Some items on our site have recently moved. Visit our News Hub for selected articles, special reports, podcasts and other resources.
BA says data-breach victims suffered no serious financial loss, deserve no compensation
13 August 2020 16:08 by Matthew Newman
British Airways has denied that customers subject to a data breach in 2018 suffered any serious financial loss or are due any compensation, in arguments submitted in group action litigation at a London court.
BA said it's contrary to “public policy principles” under EU data protection rules for it to be required to pay individuals compensation, because it “lawfully and responsibly” sent them a “precautionary notification” about the breach. The UK carrier's arguments were made in a defense filed at the High Court in London on Aug. 4 and made public today.
The airline, which is owned by International Airlines Group, said that any loss suffered by any of the claimants "fails to cross the threshold of seriousness, such that the damage alleged fails to constitute an actionable tort."
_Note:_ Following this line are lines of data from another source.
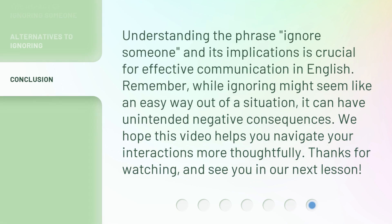Understanding the phrase 'ignore someone' and its implications is crucial for effective communication in English. Remember, while ignoring might seem like an easy way out of a situation, it can have unintended negative consequences. We hope this video helps you navigate your interactions more thoughtfully. Thanks for watching, and see you in our next lesson.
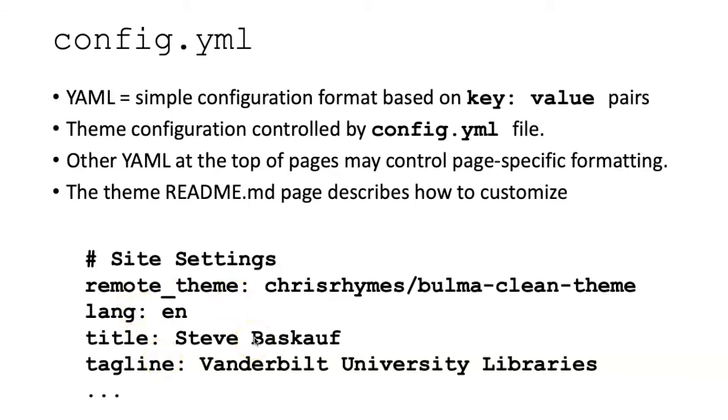Not only is the theme that you've chosen configured in this file, but also other important information like the website title, what language it is, and so forth. There also may be YAML at the top of individual pages, depending on the theme you've chosen, and that YAML can control page specific formatting. In order to understand how to use config.yaml you usually have to go to the readme page of the theme, and that will tell you the details of what is customizable.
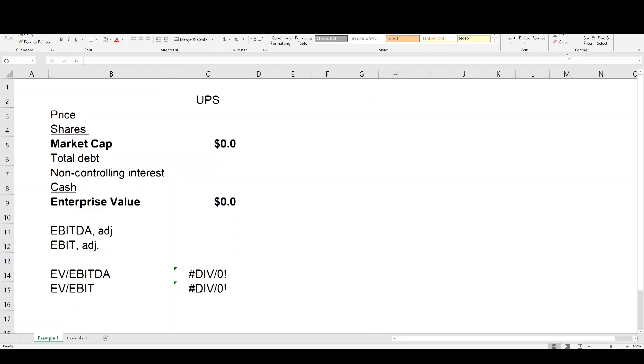If you have two businesses generating the same level of income but one is far more capital intensive than the other, you would generally want to own the less capital-intensive business, because it requires far less reinvestment to generate the same level of earnings. That's something to consider when looking at these multiples. Now, moving on from the theoretical conversation about EV/EBITDA and EV/EBIT, let's get into the meat and potatoes of this episode with a real-life example — go ahead and take a look at my screen and the Excel file I have for you. We're going to use UPS as a quick example.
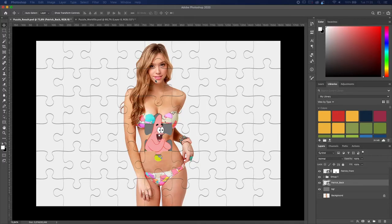What is going on ladies and gentlemen, Revan here and welcome to another Photoshop tutorial. In this tutorial I'm going to show you how to do the puzzle effect in Adobe Photoshop to create something like this. Between you and me, it is freaking easy, so let's get started.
The group action stems from an incident two years ago, when BA said the names and addresses of around 500,000 customers — as well as their login, payment card and travel-booking details — were compromised in a data breach. The airline later revised that number lower.
In July 2019, the UK’s Information Commissioner's Office said it planned to fine the airline 183 million pounds (around $240 million) for violating the EU's General Data Protection Regulation by having "poor security arrangements."
Last month, IAG said it now estimates that it may need to pay 22 million euros ($26 million) as a result of the watchdog's probe. The ICO is expected to finalize the amount in coming months.
UK-based PGMBM is the lead litigant on behalf of 7,000 claimants that have signed up with it and several other law firms. Your Lawyers is helping with the litigation. SPG Law's website indicates that each claimant could expect up to 2,000 pounds in compensation, on average.
As in any group action case, claimants seek to rely on the regulator's findings in establishing a defendant's in-principle liability. Efforts to bring a mass litigation suit against BA began shortly after the airline's disclosure in September 2018 of the data breach, which affected the company’s online reservations systems.
In its defense, BA said it notified customers about the data breach and that it took an "entirely proper, precautionary approach."
"With respect to any affected data, it is denied that the same was not kept secure and/or was not collected in a secure way and/or was obtained by unauthorized persons in breach of any duty to which the defendant is alleged” in the group action. it said.
BA has denied liability for the breach, and it opposes the ICO's findings and proposed fine. At a court hearing in October 2019, a lawyer for the airline said the core issue in the litigation was whether BA fell short in its approach to data security.
The ICO said that poor security practices led to the exposure of customers' data. The incident partly entailed user traffic to the BA website being diverted to a fraudulent site, where hackers harvested the information.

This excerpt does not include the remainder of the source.